§ **What to produce**
The expected output is the full set of entries, retyped verbatim, pictures excluded.

[Caption-style text data]
■ ■ ■

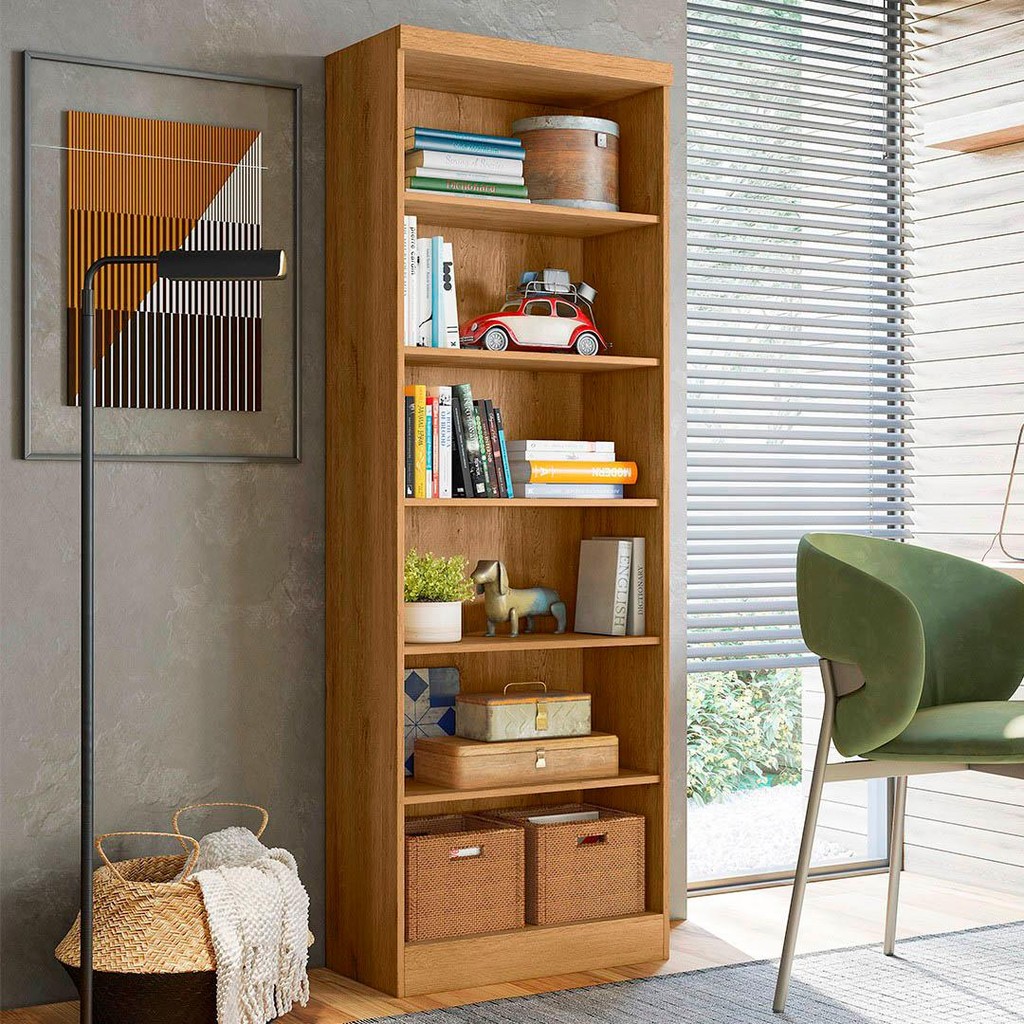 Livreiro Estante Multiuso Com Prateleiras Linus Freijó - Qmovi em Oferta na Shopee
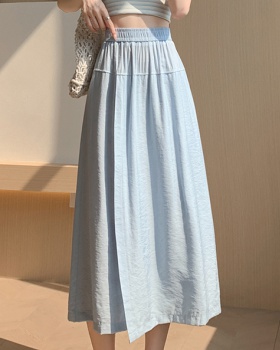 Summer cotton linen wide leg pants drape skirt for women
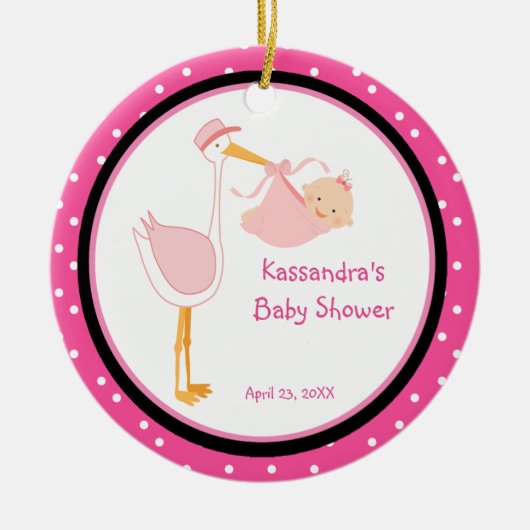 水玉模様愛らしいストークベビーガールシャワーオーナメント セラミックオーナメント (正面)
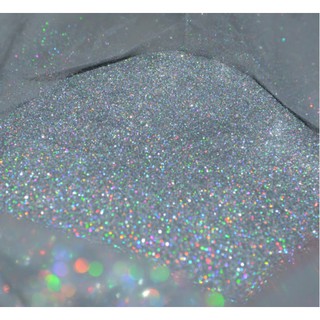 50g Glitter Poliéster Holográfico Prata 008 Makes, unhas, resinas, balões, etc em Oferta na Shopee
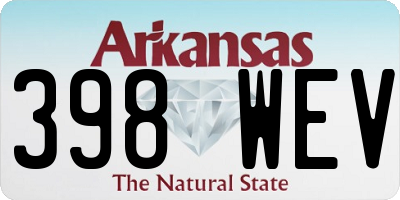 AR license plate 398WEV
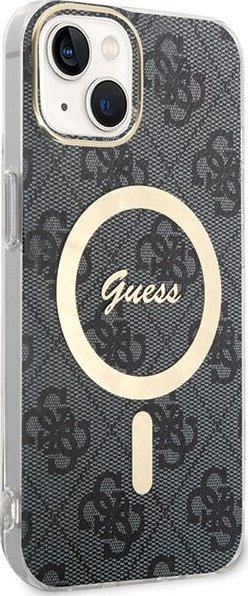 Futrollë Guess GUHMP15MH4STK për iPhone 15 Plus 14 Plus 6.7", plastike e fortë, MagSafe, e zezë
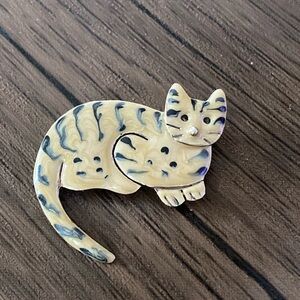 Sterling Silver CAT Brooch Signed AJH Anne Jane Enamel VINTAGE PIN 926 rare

■ ■ ■

§ **Result below**
 Livreiro Estante Multiuso Com Prateleiras Linus Freijó - Qmovi em Oferta na Shopee
 Summer cotton linen wide leg pants drape skirt for women
 水玉模様愛らしいストークベビーガールシャワーオーナメント セラミックオーナメント (正面)
 50g Glitter Poliéster Holográfico Prata 008 Makes, unhas, resinas, balões, etc em Oferta na Shopee
 AR license plate 398WEV
 Futrollë Guess GUHMP15MH4STK për iPhone 15 Plus 14 Plus 6.7", plastike e fortë, MagSafe, e zezë
 Sterling Silver CAT Brooch Signed AJH Anne Jane Enamel VINTAGE PIN 926 rare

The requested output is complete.